The Search For The Perfect Pancake

I love breakfast food. Pancakes, french toast, scrambled eggs, omelettes, bacon, donuts… Pretty much any and all breakfast food is delicious. Unfortunately much of it contains eggs, and as we found out a few months ago, Lewis has a slight egg allergy. I think pancakes would be a great food for him, and can be made pretty healthy, so I’ve been testing out different eggless pancake recipes. Chris and I generally use Bisquick when we make pancakes, and I could have tried that with just leaving the egg out, but because of all the soduim in the mix I decided it would be better to go with home-made.

My first try was a complete flop. This probably has something to do with the fact that instead of following a recipe I tried to modify a recipe from Pinterest that I had never made before. The recipe was for “greek yogurt pancakes” which sounded good and healthy. I subbed in some flax-seed mixture for the egg in the recipe. The resulting pancakes were sticky and gooey and not right. They weren’t completely in-edible. I did eat one or two and Lewis willingly ate a piece of one but I ended up throwing most of them out and would not make them again.

A while later a friend tipped me off to the fact that The Food Allergy Mama’s Baking Book was free on Kindle. I bought it, browsed through all the yummy recipes, and decided to give the pancakes a try. These turned out much better. Big and fluffy and pancakey.

Yum!

Yum!

The downside to these is that they are not in any way healthy. After the disaster with the previous recipe I decided to follow this recipe completely, so I didn’t even switch out any of the flour for whole wheat. With all white flour as well as a fair amount of sugar in the batter these were not the healthy pancakes I was looking for for Lewis. I did give him some and of course he enjoyed them. I may try this recipe again with some modifications. (Cut out most of the sugar, use all or partially whole wheat flour. Also less baking powder, since I could taste is fairly strongly in the finished pancakes.)
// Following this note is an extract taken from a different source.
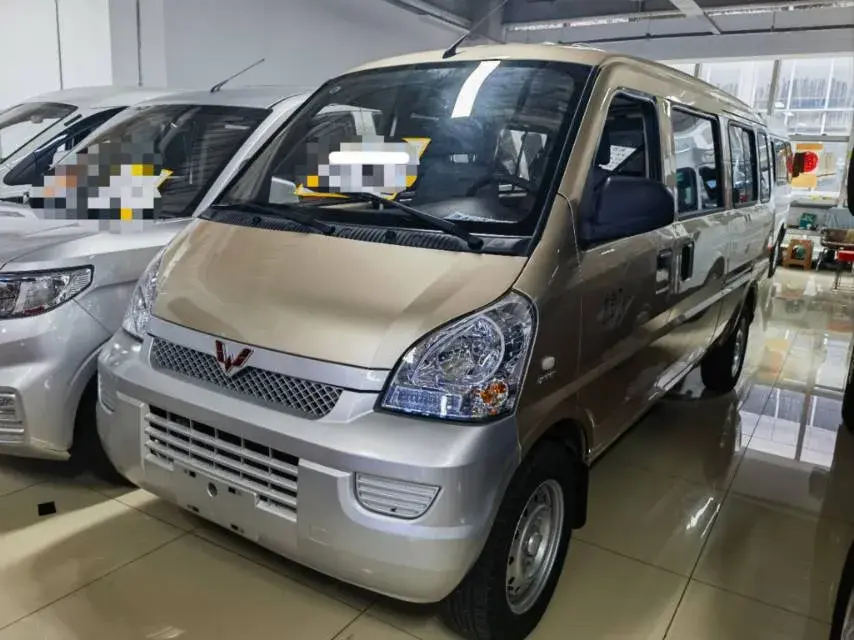 2021 WuLing RongGuang 1.5L 99HP L4 5MT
Today was attempt number three of pancake making. The Kindle book also has a recipe for oatmeal pancakes which seemed much healthier since they use oats and whole wheat flour. They also use even more baking powder (6 teaspoons!) than the first recipe, which didn’t sound appealing. I decided to look around online and settled on trying this recipe. I did make some modifications again this time. Instead of sour cream I used plain greek yogurt, and in place of the water I used whole milk. Cooking for babies is supposed to be done with whole milk (babies don’t need to diet, they need to grow!) and I don’t really care about taking in a little fat with my food either. I also partially ground the oats in the coffee grinder so they would be slightly less textured, although I didn’t grind them completely to a flour.
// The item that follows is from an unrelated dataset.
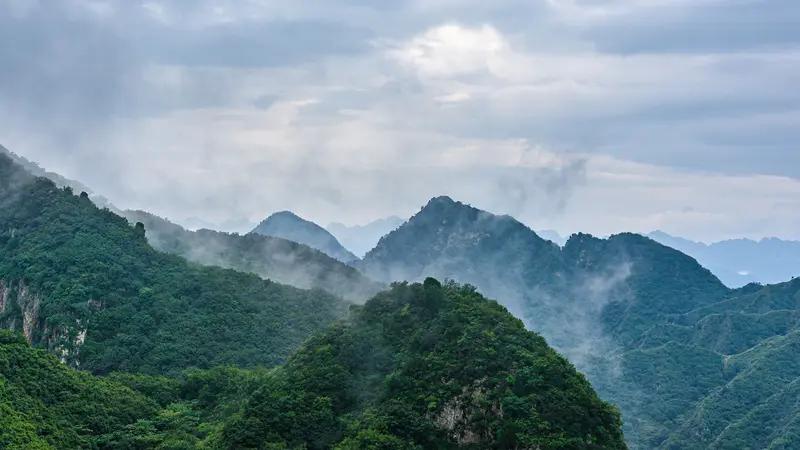 “富在深山有远亲”，这句上联道尽了世态炎凉。常见的下联是“穷在闹市无人问”，太贴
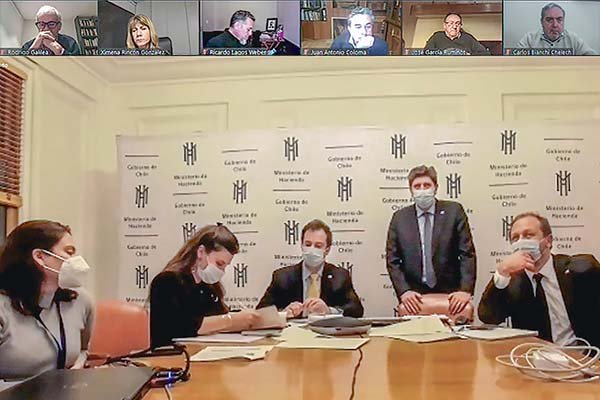 <p>Hasta la madrugada de ayer se extendieron las negociaciones encabezadas por los ministros de Hacienda y Economía, Rodrigo Cerda, y Lucas Palacios.</p>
These turned out pretty good. Thick and hearty as you would expect from an oatmeal pancake. Good flavor and good texture. I can see trying these again since they fit the bill for healthy and yummy. I might grind the oats up more finely next time. I also think I will continue trying other recipes too, since I know sometimes I am in a mood for a lighter fluffier pancake.

Oatmeal pancakes.

Oatmeal pancakes.

Lewis is still napping, I made these while he was asleep and he will have them for lunch when he gets up. Hopefully he enjoys them. Also, since most babies out-grow an egg allergy by a year maybe in a few months we can go back to eating any old pancakes and not worrying about it (although I think I will still try to stay lower on the sodium and sugar content.)